O cenário encontrado pelas autoridades foi descrito como insalubre e de alto risco para a saúde pública. No local, foram identificados restos de animais, incluindo cabeças, carcaças e vísceras, descartados de forma inadequada e ao ar livre, o que atrai vetores de doenças e contamina o ambiente. A ausência total de condições higiênicas mínimas para o abate e o processamento transforma o produto em um veículo potencial para a transmissão de zoonoses graves, como a salmonelose e a leptospirose, além do risco de contaminação por substâncias químicas e resíduos de medicamentos veterinários proibidos.

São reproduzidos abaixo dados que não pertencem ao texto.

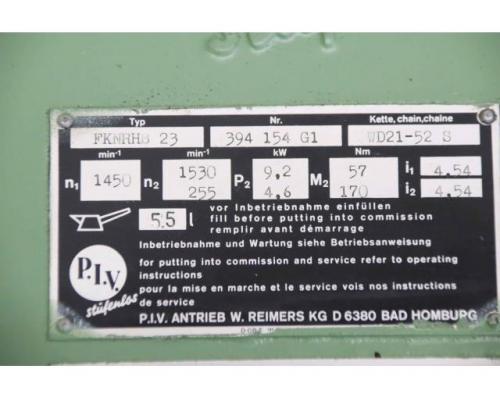 regelbarer Getriebemotor 11 kW 255-1530 U/min von PIV – FKNRHB 23  160M-4 - Bild 5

O responsável pelo estabelecimento clandestino foi identificado, mas encontrava-se foragido no momento da operação. As autoridades emitiram mandado de busca e apreensão contra o indivíduo, que responderá criminalmente por uma série de infrações. As penas pelos crimes de maus-tratos aos animais, exercício ilegal de atividade de abate, violação das normas de inspeção sanitária e crime contra as relações de consumo podem, somadas, ultrapassar os dez anos de reclusão, conforme o Código Penal e a legislação sanitária federal.

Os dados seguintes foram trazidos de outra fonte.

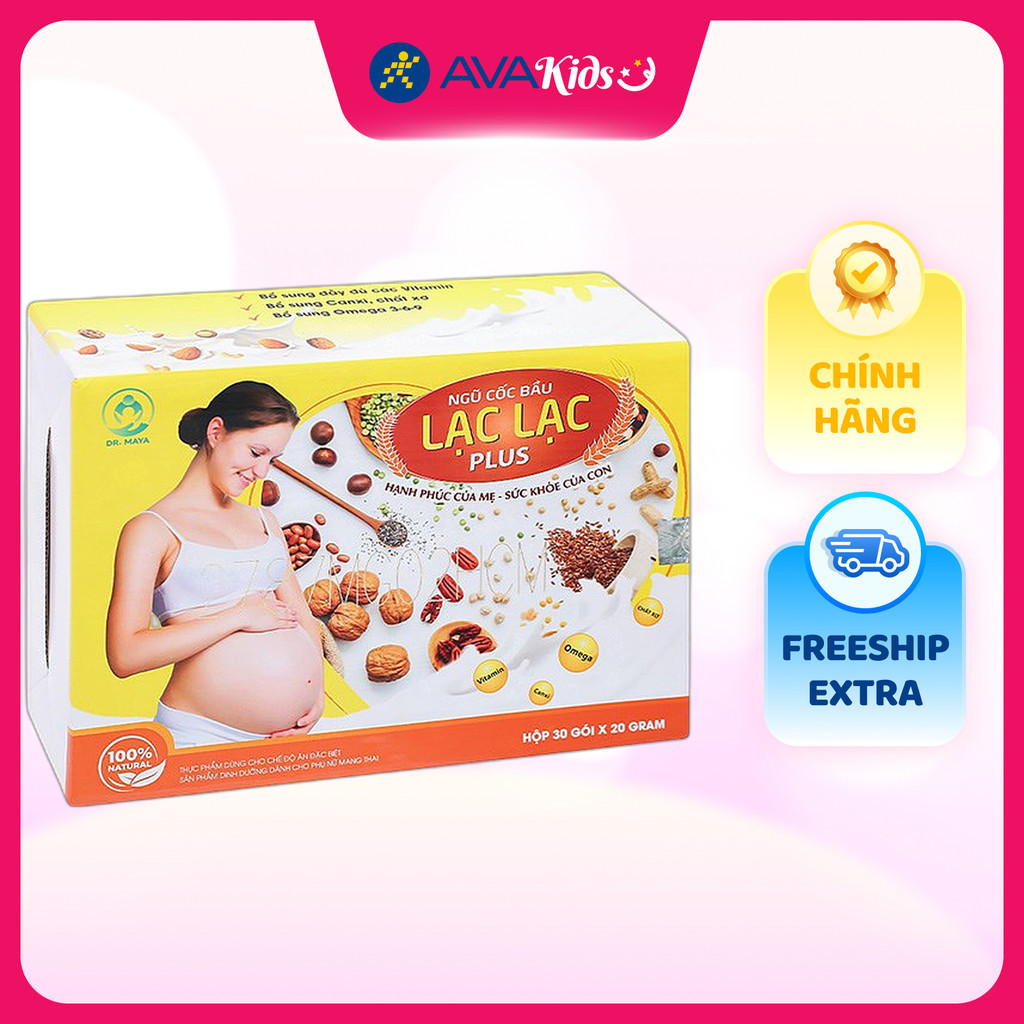 Ngũ cốc Dr.Maya Lạc Lạc Plus bổ sung dưỡng chất cho mẹ bầu 30 gói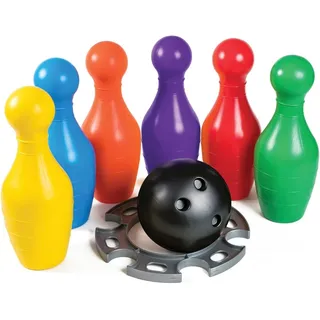 Wader Kinder Kegelspiel Bowlingspiel Set Wurfspiel Höhe von 31 cm, 6 Kegel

Esta não é a primeira grande apreensão do gênero na região recentemente. Dias antes, a mesma Vigilância Sanitária havia apreendido mais de 200 quilos de linguiça de origem clandestina em um supermercado de Pouso Alegre. A repetição e a magnitude das apreensões indicam que o comércio ilegal pode ser mais estruturado do que se supunha. As autoridades sanitárias reforçam o apelo à população para que compre produtos de origem animal apenas em estabelecimentos licenciados e que exijam o selo de inspeção oficial (federal, estadual ou municipal), única garantia de que o alimento passou por todos os controles de segurança necessários.